Ia pun pernah berkesempatan berkunjung ke Bandung dan Jogyakarta untuk melihat secara langsung proses pembuatan sepatu, tas, maupun topi, dengan sentuhan tenun pula. Harganya dijual lebih murah.

Bagi perempuan berdarah Rote itu, keberadaan produk industri tak menjadi satu penghambat bagi usahanya. Karena bagi dia, produk yang ditawarkan meskipun sekilas sama, namun tetap berbeda. Pangsa pasarnya pun tetap ada walau dengan harga yang lebih mahal.

“Kalau industri kan itu hasil cetak. Sedangkan kalau begini, keunggulannya nilai tenunnya. Dan buatan tangan bukan buatan mesin. Saya tidak melihatnya sebagai pesaing. Justru itu sebagai nilai tambah pengetahuan,” jelas Widia.

Dia juga tidak pelit berbagi ilmu dengan memberikan pelatihan. Sayangnya, masyarakat NTT kurang berhasrat untuk menjadikan ini sebagai sebuah usaha.

Baca juga: Tenun NTT Hadapi Dilema: Patuhi Adat dan Ikut Tuntutan Pasar

Tak terhitung sudah berapa pelatihan yang diikuti Widia sebagai pembina. Ini adalah bentuk perhatiannya pada masyarakat khususnya ibu rumah tangga, yang kebanyakan tak punya penghasilan sendiri. Mereka tak memberdayakan potensi diri serta potensi alam yang ada.

“Yang buat jadi bisnis sampai sekarang hanya ibu-ibu yang awalnya bantu saya jahit. Itu saja. Yang lain tidak terlalu serius menekuni,” cerita Widia.

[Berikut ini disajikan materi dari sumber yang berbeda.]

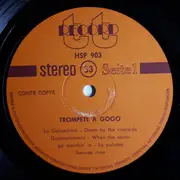 LP - Unknown Artist - Trompete À Gogo
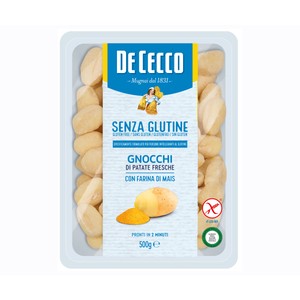 Imagen de CECCO Gnocchi de patata sin gluten 500 g.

Usaha rehab sepatu dan sandal untuk dibalut tenun NTT, Widia Ullu raup untung bersih Rp 6 juta sebulan. (Dok. Widia Ullu)
Usaha rehab sepatu dan sandal untuk dibalut tenun NTT, Widia Ullu raup untung bersih Rp 6 juta sebulan. (Dok. Widia Ullu)

Banyak orang menganggap usaha ini tak terlalu menguntungkan dan tak kelihatan ‘bekerja’ karena dilakukan dari rumah. Padahal, berdasarkan perhitungannya, untung bersih dalam sebulan lewat dua bisnisnya ini minimal Rp 6 juta sebulan.

Ia hanya memanfaatkan media sosial sebagai tokonya. Pun, alat-alat yang digunakan tak sekali pakai.

“Palingan kain ini yang kita beli terus. Untuk tas dan topi. Lalu lem untuk sepatu. Satu botol itu harganya Rp 85 ribu itu pakai untuk enam sampai tujuh pasang sepatu,” jelasnya.

Ia mengatakan, kebanyakan orang mampu untuk melakukan ini. Kurang tekun dan kerja keras jadi alasan utama banyak peserta pelatihan tak mengembangkan ilmu yang didapat sebagai usaha.

“Buat ini memang susah-susah gampang. Tapi kalau kita sudah mengerti polanya, caranya, ya sudah bisa. Hanya orang-orang kurang tidak tahu tekniknya untuk bertahan dalam usaha itu ya tekun,” ucap Widia sambil menjahit topi buket tenun.

Ia pun menemukan, jika kebanyakan mereka lebih memilih menjadi penjual ulang (reseller), dibanding sebagai produsen.

“Karena sudah jadi toh. Tidak repot-repot buat. Mereka ambil Rp150 ribu. Trus jual Rp200 ribu. Untung Rp50 ribu. Itu belum uang bensin untuk antar. Sekarang bensin sudah naik,” kata Widia.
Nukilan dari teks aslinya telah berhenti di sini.